La Negro League, le cui prime World Series furiono disputate nel ’24, nasce come risposta a quel gentlement’s agreement tra proprietari che fin dalle origini, a metà 800, aveva estromesso gli afroamericani dalla Big Legue e che sarà infranto per la prima volta da Branch Rickey nel 1947 con la firma di Jackie Robinson.
Il processo di integrazione, sul diamante come nella società, sarà lunghissimo. Il primo afroamericano a vestire la maglia degli Yankees arriverà solo nel ’55 ma nel ’74 Hank Aaron riceverà continue minacce di morte durante la rincorsa ai 714 HR di Babe Ruth, battuto in una tiepida serata di inizio Aprile contro i Los Angels Dodgers, la squadra che fu di Jackie.
Nell’attuale MLB giocano un totale di 63 afroamenicani.
Il Baseball, dopo tanta fatica, è tornato ad essere “dei bianchi” in una sorta di ritorno al futuro prima trascurtato, poi sottovalutato ed ora economicamente insostenibile. La popolazione afroamericana rapperesenta infatti una porzione irrinunciabile del mercato a cui football, e soprattuto basket, hanno saputo attingere a piene mani trasformando il batti e corri in una sorta di terzo incomodo.
Incredibilemente Manfred e Co sembrano essersene resi conto, non saprei dire se per tempo, e sono corsi ai ripari con il riconoscimento di un passato fino ad oggi quasi totalmente ignorato. L’inclusione della Negro League dovrebbe essere, nelle intenzioni, il primo atto di un processo che mira a riconquistare l’interesse di un pubblico che oggi guarda e sogna altrove. Sarà interessante capirne il proseguo.
Quello che sta facendo la MLB non ha quindi nulla a che vedere con “politiche sociali” o con il rendere gustizia alla stroria o qualsivoglia stronzata progressista. Questi ideali non hanno diritto di cittandinanza in nessuna lega professionistica americana. Che si parli di Major League, NBA o la NFL, con sfumature diverse, non fa differenza. Sono business e devono produrre soldi. Ogni scelta è convenienza, che piaccia o meno.

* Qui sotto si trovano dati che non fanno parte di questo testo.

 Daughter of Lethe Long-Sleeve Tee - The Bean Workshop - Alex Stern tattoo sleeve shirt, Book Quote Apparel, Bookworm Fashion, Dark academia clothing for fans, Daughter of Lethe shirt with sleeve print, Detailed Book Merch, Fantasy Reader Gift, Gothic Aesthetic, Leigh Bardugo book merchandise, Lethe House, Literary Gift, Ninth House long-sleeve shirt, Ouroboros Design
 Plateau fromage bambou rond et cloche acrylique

Prima impareremo a convivere con questa evidenza e meno tempo perderemo in futuro per giustificare i commenti in mandarino di Silver piuttosto che il silenzio di Manfred durante l’estate dei riot americani o le paraculate dei cambi di nome di franchigie in nome del politicaly correct sottoforma di contratti di sponsorizzazione
Come mi è capitato spesso di scrivere viaviamo nell’era del Say The Right Things. Il riconoscimento della Negro League, per quanto possa farmi piacere da tifoso, non ha nessun altra motivazione se non quella di riconquistare un pubblico che possa portare denaro nelle casse delle franchigie e della lega. Gli stessi afroamericani, avendo ormai compreso pienamente le dinamiche che regolano il giochino, hanno risposto in modo tipedido, quasi non sentissero il bisogno di questa ammissione di colpa.
Il coraggio di quegli eroi e le ingiustizie perpetrate ad un popolo, nello sport come nella vita di tutti i giorni, erano già chiare a tutti e da molto tempo. “Fa piacere” constatare che nel 2020 se ne siano accorti anche nella stanza dei bottoni.